Wednesday, May 28, 2014

LeetCode: Best Time to Buy and Sell Stock III

Say you have an array for which the ith element is the price of a given stock on day i.

Design an algorithm to find the maximum profit. You may complete at most two transactions.

Note:
You may not engage in multiple transactions at the same time (ie, you must sell the stock before you buy again).

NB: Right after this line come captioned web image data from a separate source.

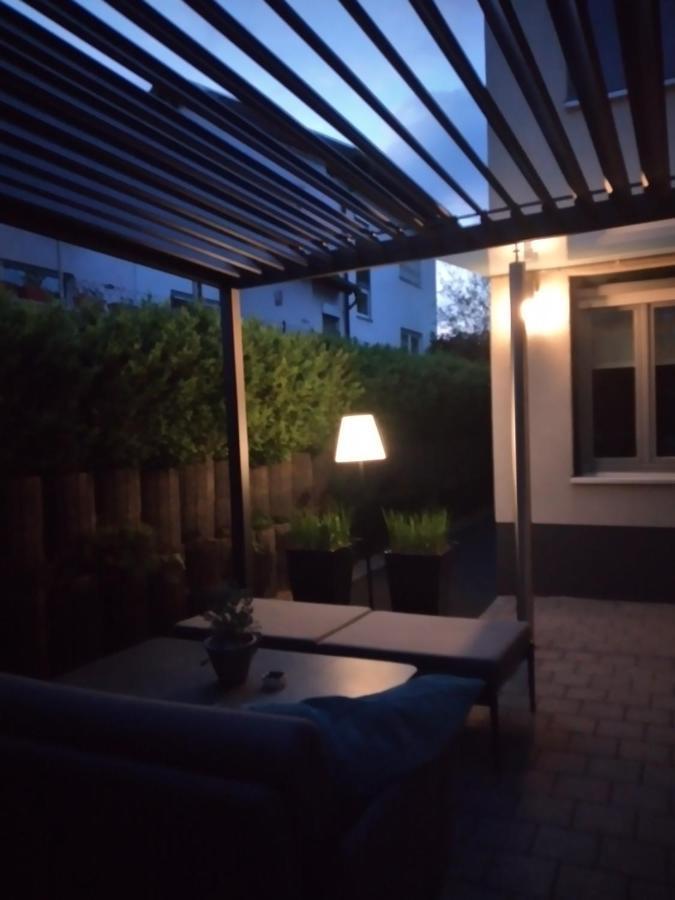 Ferienwohnung Trunk Direkt An Den Weinbergen, Parkplatz, Terrasse Mit Grill Und Lounge Roschbach エクステリア 写真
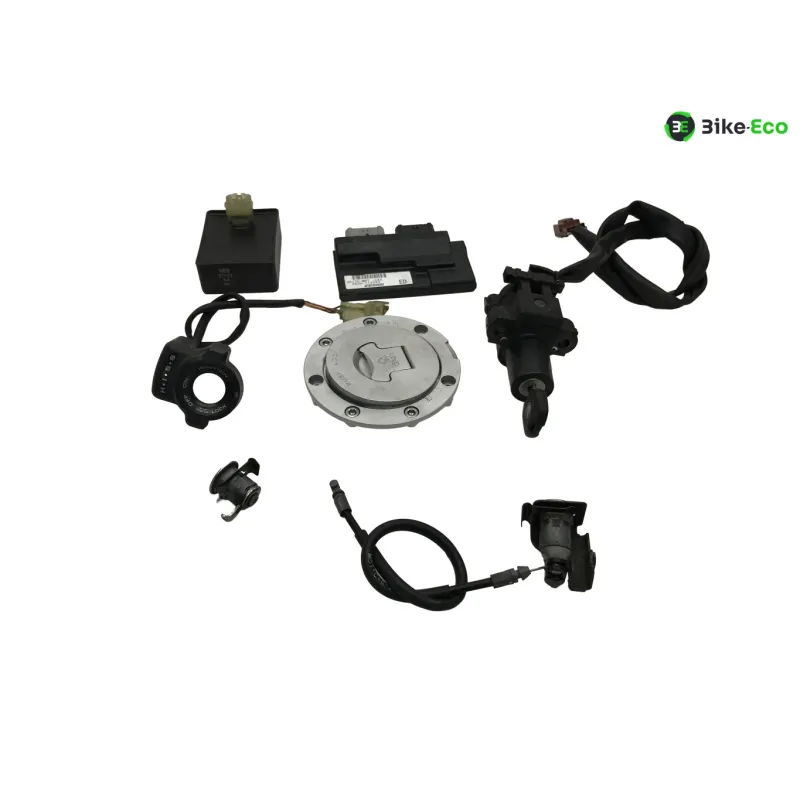 Jeu de serrure contacteur a cle code HONDA XL 1000 V 2007-2011 VARADERO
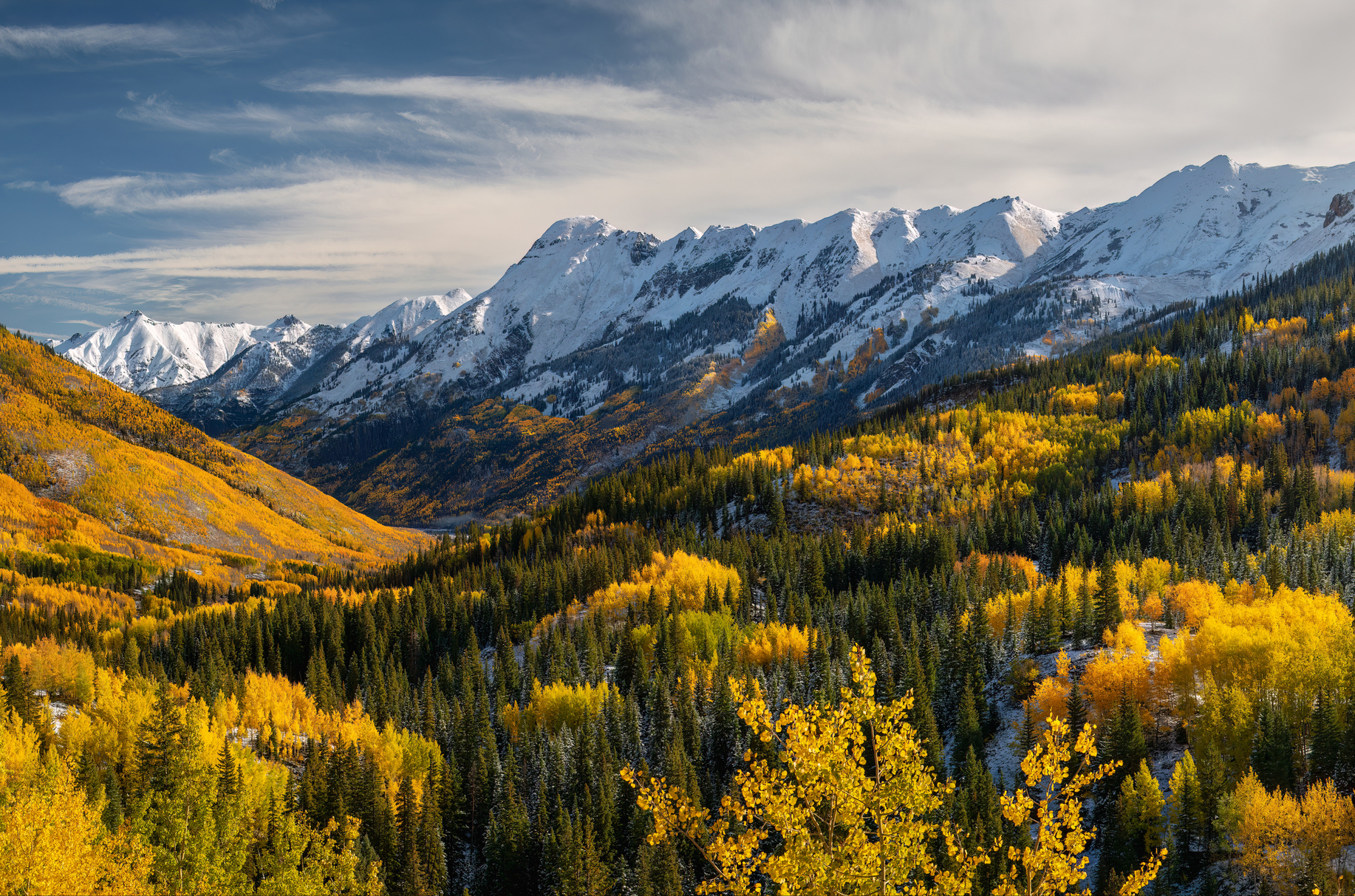 Rocky Mountains, Colorado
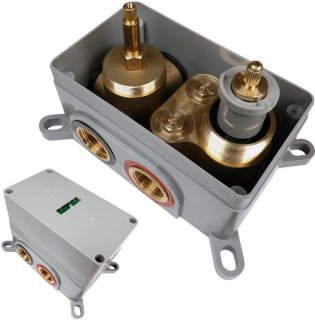 Wat vinden we goed aan de Brauer Black Carving Thermostatische Inbouw Regendoucheset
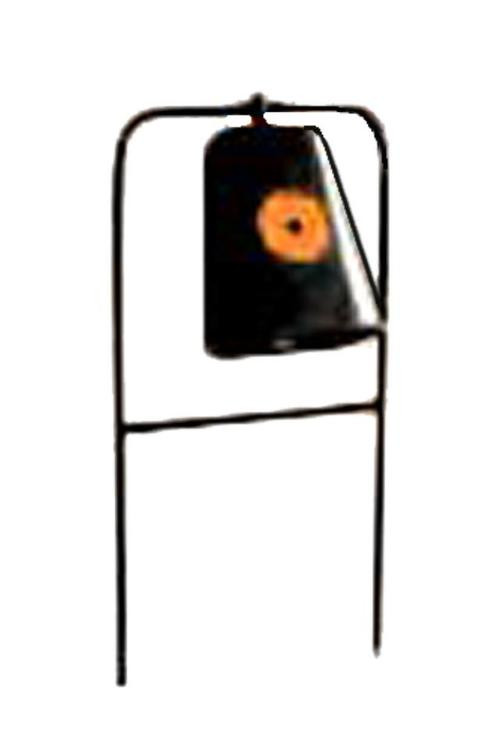 Do All Traps Spinning Cow Bell Target .22, Stand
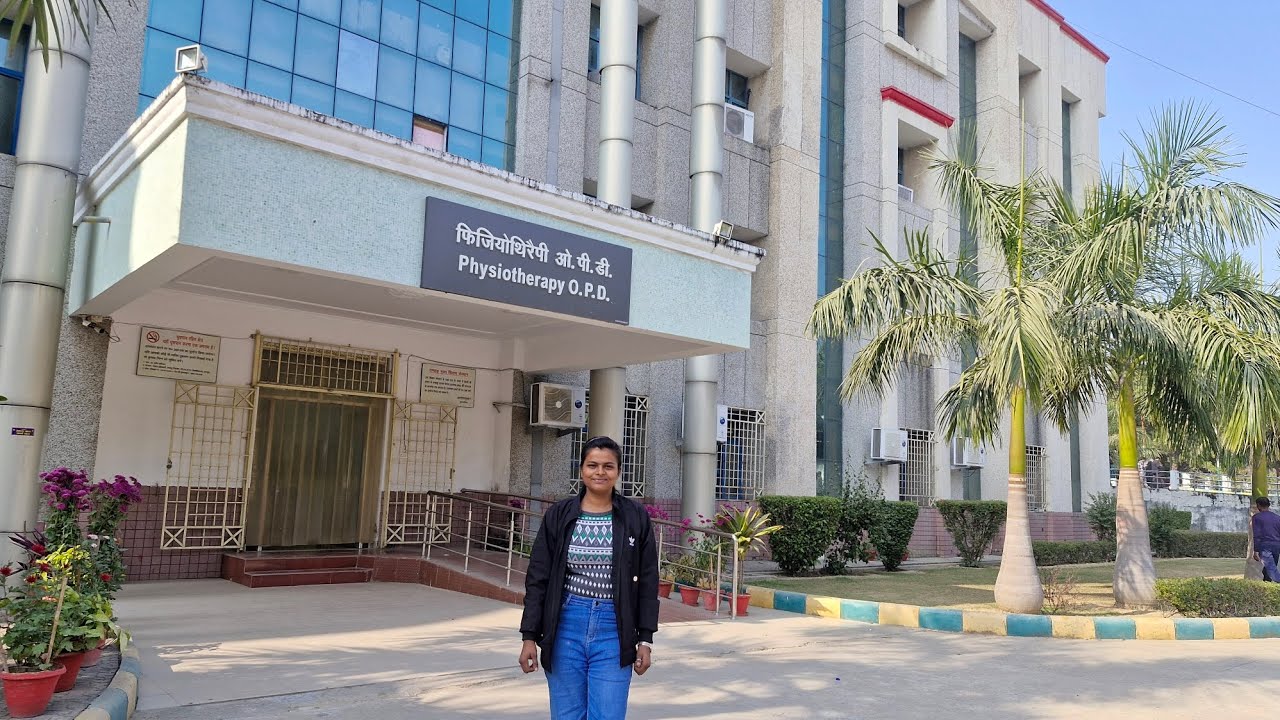 #csjmu #kanpur   #PHYSIOTHERAPY #OPD timing 10:00 am to 01:00pm 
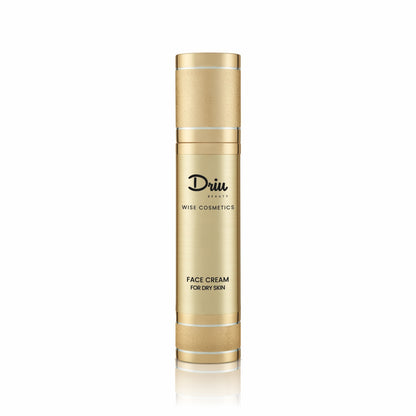 Veido Kremas Sausai Odai Wise Cosmetics, 45 ml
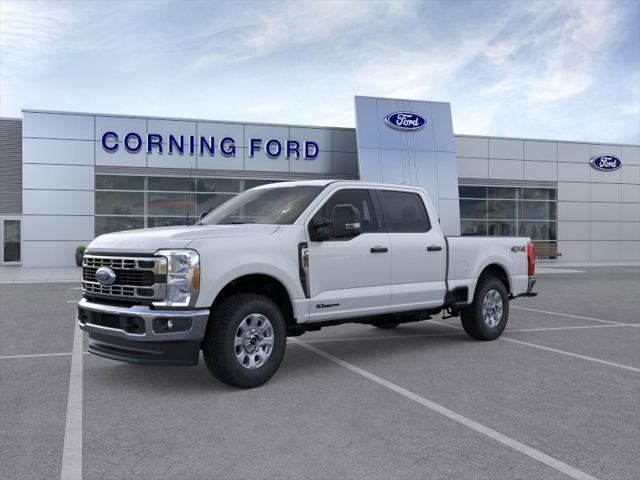 new 2025 Ford F-250 car, priced at $68,980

We can divide the array into two parts. We can find the maximum profit in prices[0:i] with one transaction and then find the maximum profit in prices[i+1:end] with one transaction. Then we can find the maximum sum of profit in prices[0:i] and profit in prices[i+1:end].

C++ Code:

/*
 * func: maximum_profit
 * goal: find the maximum profits if at most two transactions are permitted
 * @param prices: daily price of the stock
 * return: maximum profit
 */
/*
 * find the maximum profit in [0:i] + [i+1:end]
 * complexity: time O(n), space O(n)
 */
int maximum_profit(vector<int> &prices){
    if(prices.size() == 0){
        return 0;
    }
    vector<int> max_profit_array;
    int hold_price = prices[0];
    int max_profit = 0;
    for(const int &price : prices){
        int curr_profit = price - hold_price;
        max_profit = max(max_profit, curr_profit);
        max_profit_array.emplace_back(max_profit);
        if(price < hold_price){
            hold_price = price;
        }
    }
    
    int final_profit = max_profit_array.back();
    hold_price = prices[prices.size()-1];
    max_profit = 0;
    for(int i=prices.size()-2; i >= 0; --i){
        int curr_profit = hold_price - prices[i];
        max_profit = max(max_profit, curr_profit);
        final_profit = max(final_profit, max_profit + max_profit_array[i]);
        hold_price = max(hold_price, prices[i]);
    }
    
    return final_profit;
}

Python Code:

# func: find the maximum profit if at most two transactions are permitted
# @param prices: daily price of the stock
# @return: the max profit
# complexity: time O(n), space O(n)
def maximum_profit(prices):
    if not prices:
        return 0
    hold_price = prices[0]
    max_profit = 0
    max_profit_until = []
    for price in prices:
        curr_profit = price - hold_price
        #Find the maximum profit until now for one transaction
        max_profit = max(max_profit, curr_profit)
        max_profit_until.append(max_profit)
        hold_price = min(price, hold_price)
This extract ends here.